The horizon is blurred, bird islands laden with ethereal swirls. Sheer granite slabs fall to a wine dark sea. Weird rocky knolls are giant trolls, all warts and wild whiskers. Mysterious hunched figures brood in tumbled cloaks, hiding spell books and pondering the ways of timeless oceans. Ragged mountain crags are cyclopean shapes, heads with crooked faces and big noses. Clouded silhouettes are sirens, the wind their toxin song – Kittelsen’s visions as mystical as anything Homer imagined.


  1. Paul Luoma says:

    Informative. Thanks. No photos or pictures of Kittelsen? I found a few grainy photos and self-portraits. People have said -of one photo of him (sideview), in his early ’50’s- that I am a doppelgänger. Any suggestions/links you can help with?

    Thank you,

    Paul Luoma

  2. dalecooper57 says:

    Great post Ian. What a terrific story. Just been watching a series about Scandinavia, it reminded me of the time I spent in Denmark when I was young, wonderful country, I’d love to go back sometime.

  3. jerseylil says:

    Ian, I really appreciate being introduced to the work of Theodor Kittelsen. I was not aware of this talented Norwegian artist. Quite a tribute to him by his friend, Christian Skredsivg, “…there will never be anyone to succeed him. Even the trolls have disappeared for always.” Difficult life though and I wonder if he was driven by personal demons. Enjoyed your descriptions and photos as you traveled through that part of Norway.
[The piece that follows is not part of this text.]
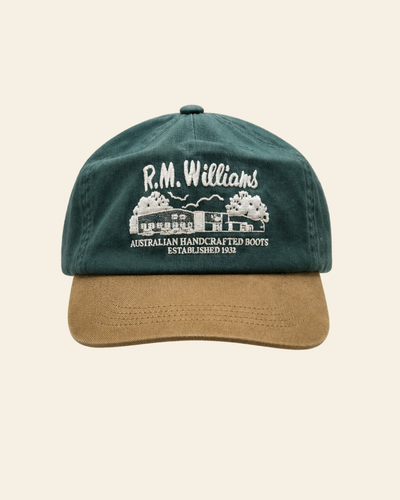 R.M.Williams - Workshop Twill Cap - Pine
Loved Kittelsen’s sketches, such depth and imagination! Yes, “visions as mystical as anything Homer imagined.” Wonderful post!

  4. Big D says:

    Not an artist I’d ever heard of before. Looking at what you’e posted and what you wrote, his stuff is very much a reflection of his surroundings.
    Liked the bit about the dead sailors returning as cormorants too.

  5. Ian, your words do Kittlesen honor. Your bring the stark, forbidding landscape he poeticized so well in his drawings back to life.

  6. Janene says:

    I’ve never heard of Kittelsen. Thanks for introducing him to me. The black and white of his sketches really capture the starkness of the area. Looks like you had an interesting journey, yourself. Cool!

  7. As a kid, I remember having an illustrated Scandinavian storybook that had all sorts of trolls, goblins, and fairies in it. I wonder if maybe some of those illustrations were by Kittelsen? Norway and Iceland seem like such magical places, and your piece captured that imagery so nicely.

    • IanC says:

      The fact that you recall those sketches Kris, indicates a real impact on you as a kid. I’m thinking they must have been by Kittelsen.
      Cheers, ic

  8. umashankar says:

    Ian, few writers make me live the moments the way your words can. That was an amazing world of white and grey, freezing sea, craggy hills among the omnipresent snow, mingled with the story of Kittelsen. You have capture the indescribable without a flinch.